By 1900 Alcatraz was obsolete as a fortress and the U.S. Army decided that the island should forevermore be dedicated purely to penal uses. Shortly after the turn of the century, the fort was officially renamed as “Pacific Branch, U.S. Military Prison, Alcatraz” then renamed again in 1915 as “U.S. Disciplinary Barracks.” Between 1908 and 1912 army prisoners constructed the world’s largest and most modern concrete prison atop the island - from frowning cell house that stands today - and then became its first occupants.

In 1934 the Department of Justice acquired the prison from the War Department and transformed it into “United States Penitentiary, Alcatraz.” The first 32 convicts were Army soldiers marooned when the military vacated the island.

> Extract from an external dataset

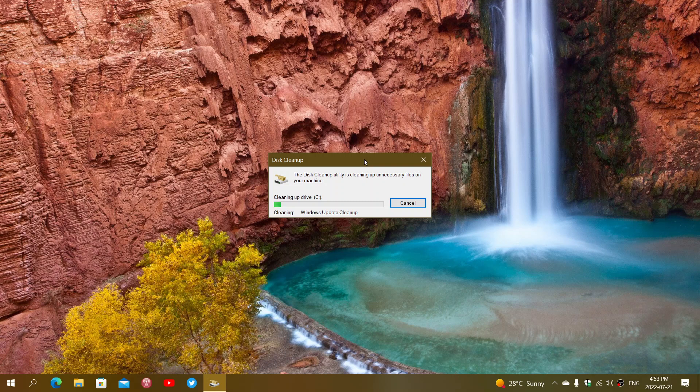You can maybe get several gigabytes back by doing this simple cleanup task in Windows 10.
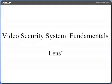Welcome to Introduction to Video Security System, VSS Fundamentals, brought to you by Felco. This course is a guide to the basics of any video security system.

During World War II the army returned, and young Coast Artillery GIs manned anti-aircraft guns on prison rooftops when they weren’t pursuing the daughters of the guards. Their stay was short, though, and by 1944 the artillerymen had been transferred to more meaningful overseas wartime roles. Finally, in the beginning, it had been soldiers who nicknamed Alcatraz “The Rock.”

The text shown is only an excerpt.